Required work: From the first line to the last, copy the material word for word; pictures stay out.
== Data shown
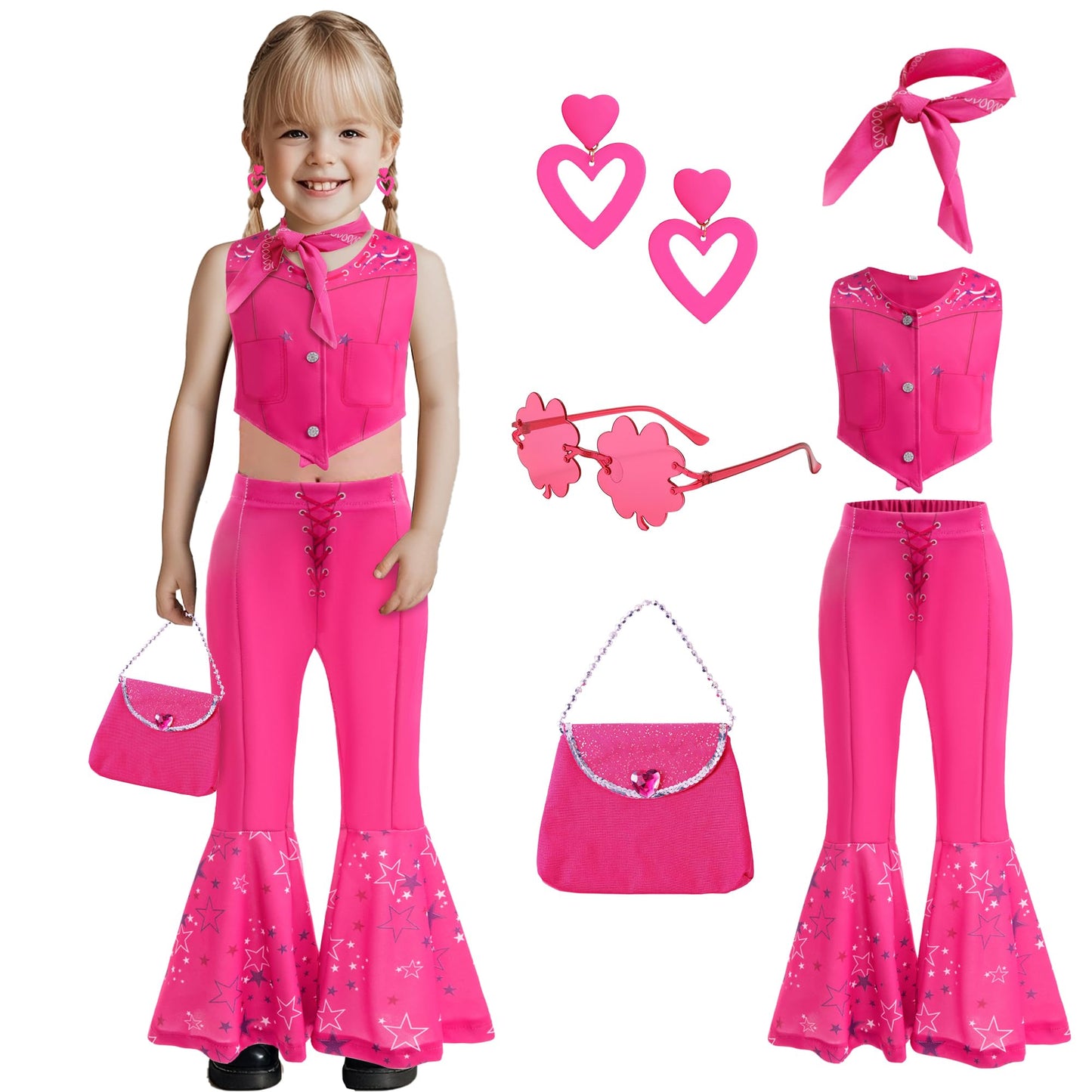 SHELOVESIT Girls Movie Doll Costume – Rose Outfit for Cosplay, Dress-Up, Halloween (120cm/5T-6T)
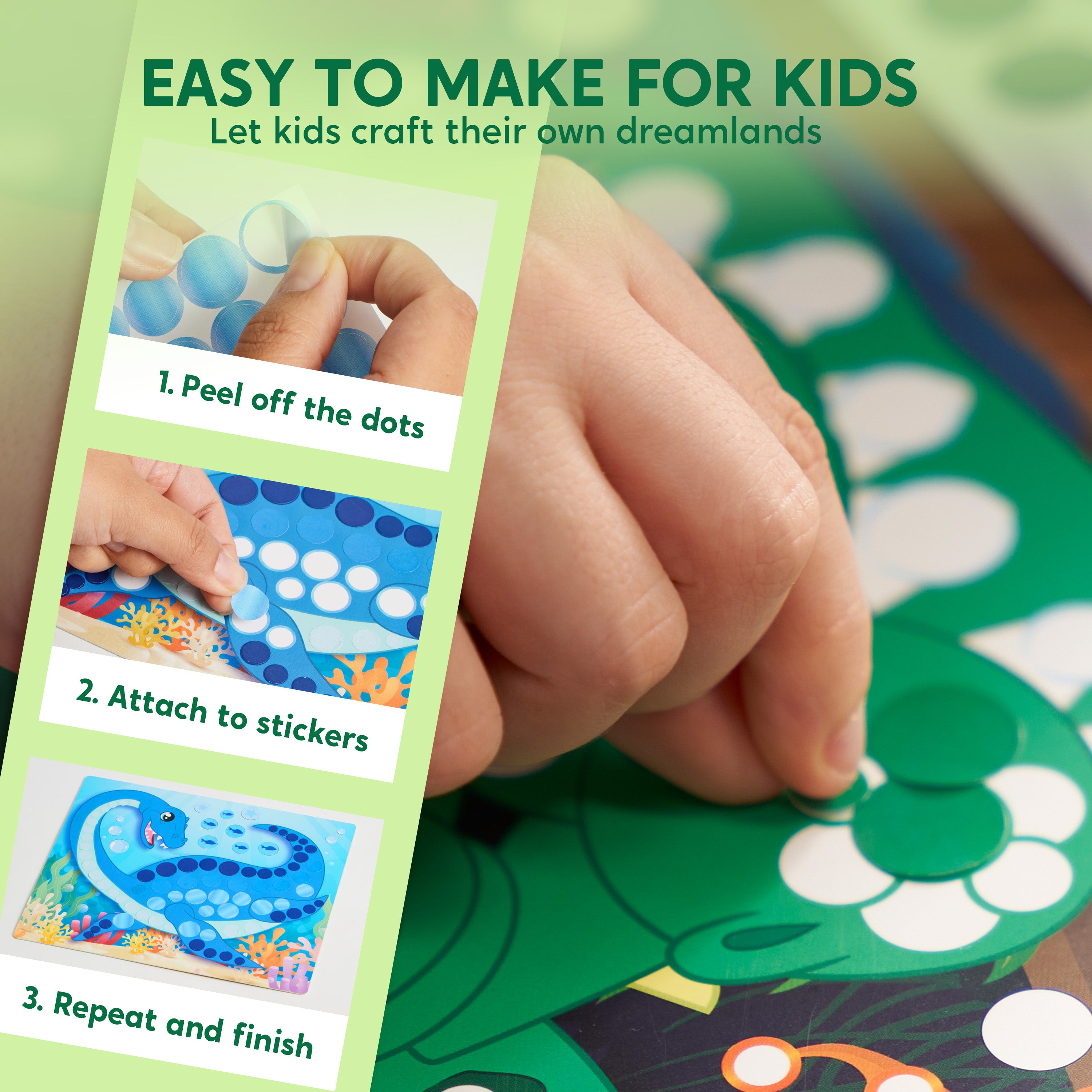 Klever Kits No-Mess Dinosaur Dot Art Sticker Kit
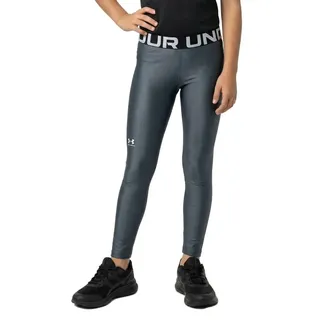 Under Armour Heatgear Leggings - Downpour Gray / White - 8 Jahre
====
Completed exercise:
 SHELOVESIT Girls Movie Doll Costume – Rose Outfit for Cosplay, Dress-Up, Halloween (120cm/5T-6T)
 Klever Kits No-Mess Dinosaur Dot Art Sticker Kit
 Under Armour Heatgear Leggings - Downpour Gray / White - 8 Jahre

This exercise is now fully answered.